Multi-scale, interdisciplinary, integrated analysis of societal and ecosystem values of Peruvian Amazon peatlands

PI: Sandra Ríos Cáceres (srios.ibc@gmail.com), Instituto del Bien Común, with co-PIs Aoife Bennett (aoife.bennett@gmail.com), Instituto de Estudios Peruanos, and Jorge Solignac Ruíz and Jose David Urquiza Muñoz, Universidad Nacional de la Amazonia Peruana
U.S. Partners: Hinsby Cadillo-Quiroz, Arizona State University; and Victor Gutiérrez-Vélez, Temple University
Project Dates: April 2022 - March 2024

Project Overview
 
While the peatlands of Southeast Asia have long been recognized as threatened major stores of carbon, the tropical peatlands of Amazonia have only recently begun to be identified. Their distribution, depth, carbon content, and socioeconomic dynamics are not well known. Furthermore, existing knowledge is largely based on remote-sensing data with little field validation, and almost no engagement with local peoples.

This PEER project carried out research in the two focus areas of Loreto and Ucayali in the Peruvian Amazon. Indigenous and smallholder communities live inside and close to known peatlands, and they will play a central role in managing and conserving them going forward. However, outside of a few sites in Loreto, previously there had been no rigorous assessment of how local people value and use these peatlands, and no explicit research into opportunities for collaborative conservation beyond the sustainable use of the over-harvested aguaje palm tree. This project team aimed to co-create new knowledge on the distribution of peatlands, their carbon storage, and how local people understand, use, and steward these ecosystems.

Final Summary of Project Activities

The researchers created high-resolution remote sensing maps of various kinds, some of which were ground validated using a local field team and subsequently checked in workshops with indigenous communities; others were randomly validated (remote). These maps show some newly discovered areas of peatland and will be returned to the communities for their knowledge and political use.

In terms of statistical precision for maps, the overall accuracy in identifying ecosystems with the potential for peatland presence was 97%. However, there is a paucity of high-resolution images on the west side of the river, which has led to a certain degree of uncertainty, particularly in the case of the Pisqui river. The results obtained indicate that the peatlands within the study area contain an average of approximately 568 trees per hectare. A total of 201 species belonging to 45 families were collected. The researchers also found the carbon storage potential of peatlands were significantly influenced by species composition (wood density) and stem density (e.g. trees per hectare).

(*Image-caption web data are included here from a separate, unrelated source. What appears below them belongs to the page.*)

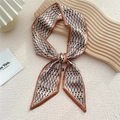 Twilly à pois marron et crème, noué pour montrer un motif géométrique chic et fin - Huit Lignes Pois Orange (24F)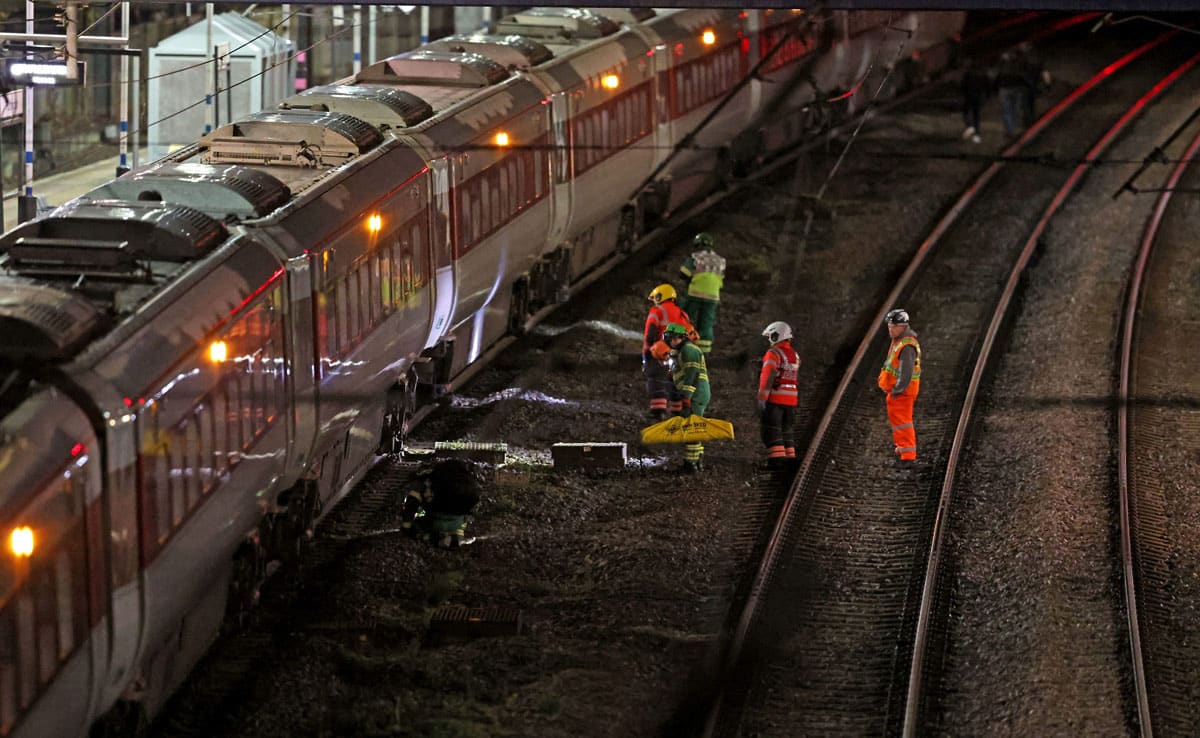 Several people were stabbed on a London-bound train in the UK; two suspects arrested.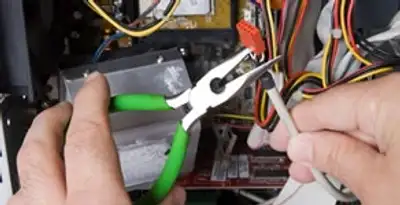 Licensed electrical contractor performing electrical repair with tools in De Pere, WI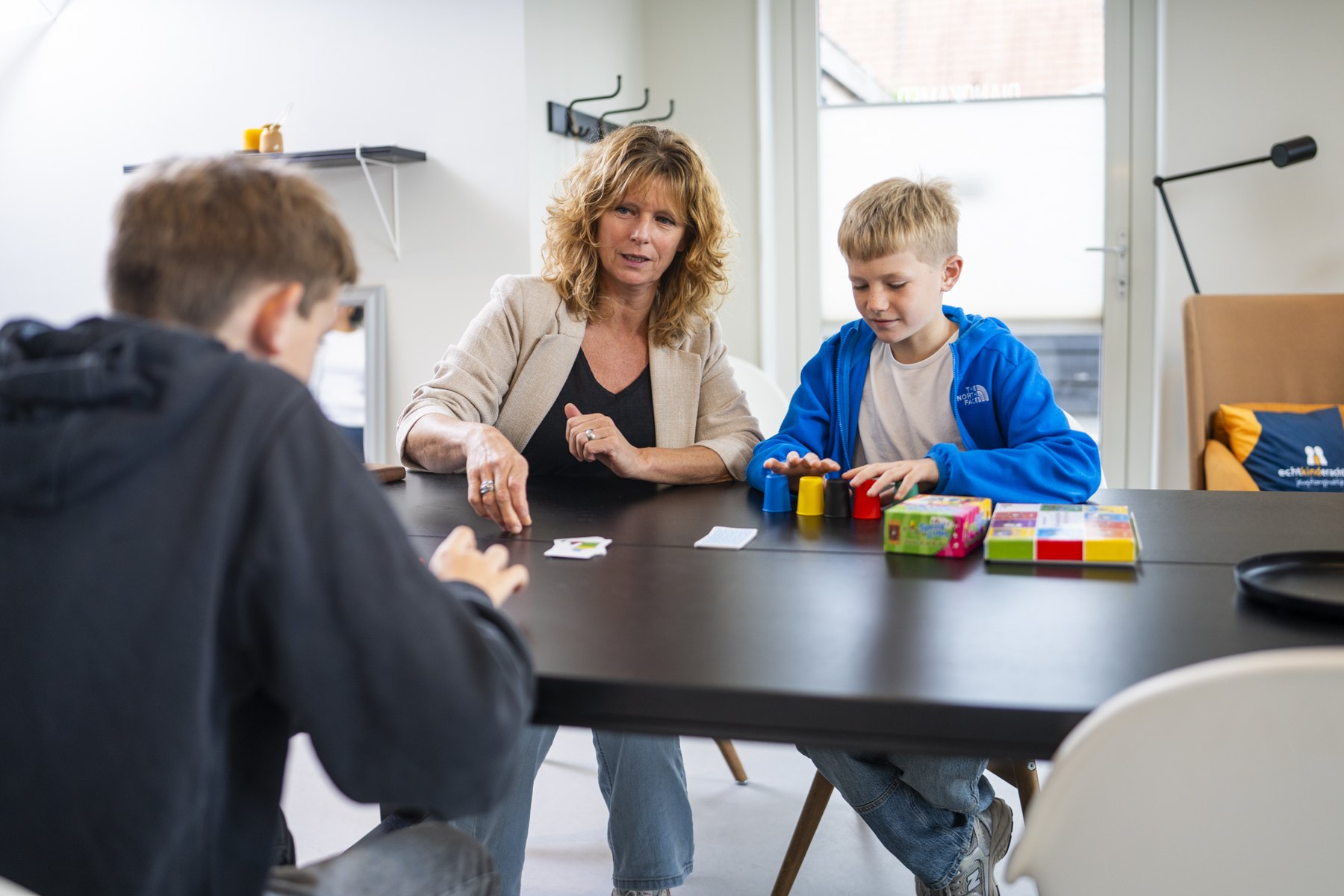 Behandelaar en jongen met spelmateriaal aan tafel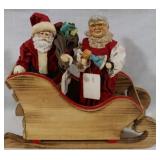 Mr. and Mrs. Claus in sled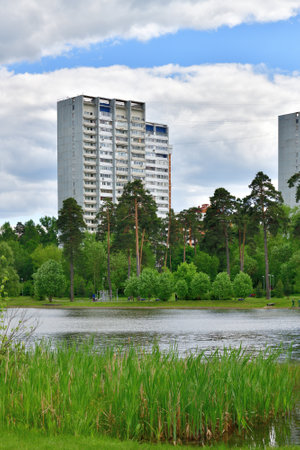 Multi-storey residential buildings on the shore of Shkolnoye Lake in Zelenograd in Moscow, Russiaの写真素材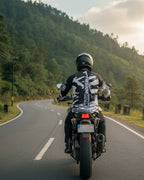 Person riding a motorcycle on a winding road with greenery and mountains in the background
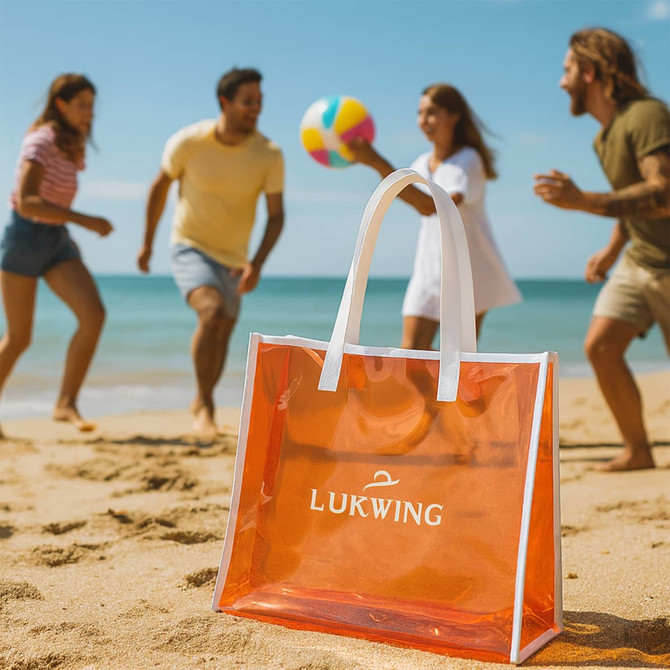 A transparent orange handbag with white handles is in the foreground, while people play on the beach in the background.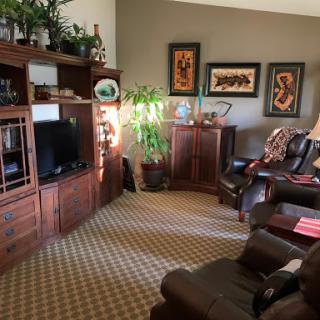 A cozy living room featuring wooden furniture, artwork, and a touch of greenery.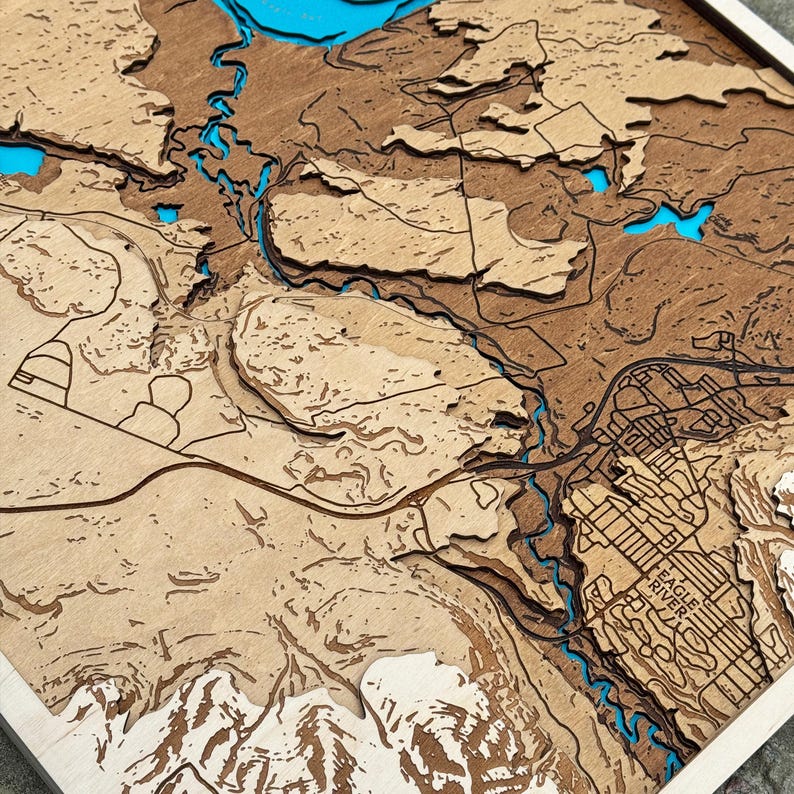 May include: A wooden topographic map with laser-cut layers. The map features a detailed depiction of a geographical area, with rivers and lakes highlighted in blue. The map is framed in a light-colored wood.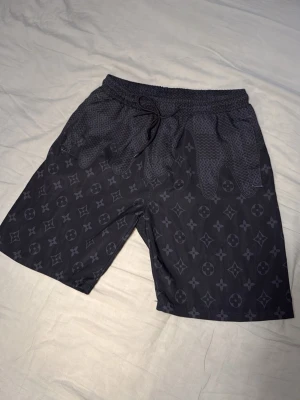 Mörkblå shorts med monogrammönster - Snygga mörkblå shorts med klassiskt monogrammönster och elastisk midja med snörning. Shortsen har en loose passform och är perfekta för sommaren. Materialet känns lätt och bekvämt, vilket gör dem sköna att bära hela dagen.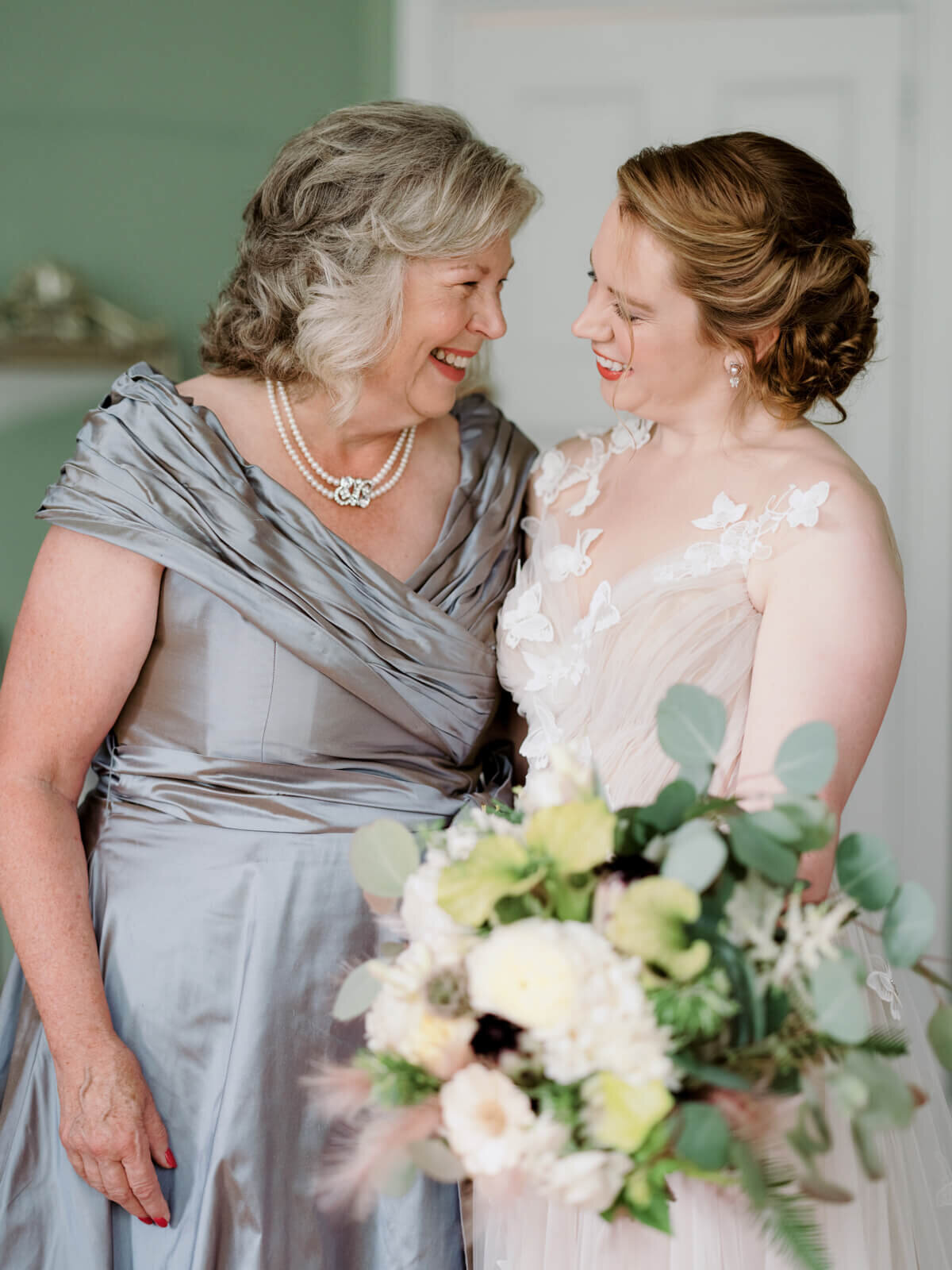 The bride, holding her flower bouquet, is standing side by side with an old lady while happily looking at each other.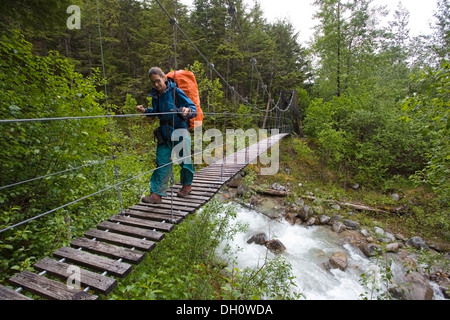 Femme, femme hiker with backpack crossing suspension bridge voyage Taja, près de la ville historique de Canyon, Pacific Northwest Banque D'Images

Sampling of 125 distinct soil samples showed a remarkable diversity in the total soil carbon content.

The team also co-developed a dynamic territorial-political peatland map of local populations and their socioeconomic activities with indigenous community. This mapping process involved the drawing of landscapes by the communities, as well as working on large maps with the legal polygons brought to the communities, which were overlaid with plastic sheets for each topic of interest. The resultant map ended up highlighting the threats and opportunities to the peatlands in a new geopolitical context.

The researchers spent the entire two years of the project co-creating the socio-ecological nexus, mainly in the form of a novel methodology. However, in working with the indigenous people they changed the “nexus” to “research at the interface of Indigenous and Western science” because this group of inter-cultural (indigenous and non-indigenous) researchers believe indigenous research methodologies and methods are as rigorous and progressive as Western ones. Not approaching indigenous research in this way creates barriers to the generation of high-quality robust, resilient, ethical, and reciprocal research that could otherwise be useful to people and nature. The team interweaved indigenous methods, Western social and natural science methods and both participatory remote sensing mapping and applied the methodology in indigenous communities to derive qualitative and quantitative results on themes of Violence, Nature, Migration, Ethnicity, and Deforestation. Other topics included the future the community wants and opportunities for restoration and regeneration of degraded areas.

The PEER team was able to bring one of the co-creators from the Shipibo-Conibo tribe to Oxford University to promote their process to students, academics, and other interested parties, and the team received a grant of $14,000 from Oxford’s Leverhulme Centre for Nature Recovery for their work. The PEER team and indigenous researchers are preparing two papers for academic journals on their findings and published an interactive map about processes of the ecological mapping (taking staples, traversing difficult terrains and consulting with communities to get the best soil samples in the area).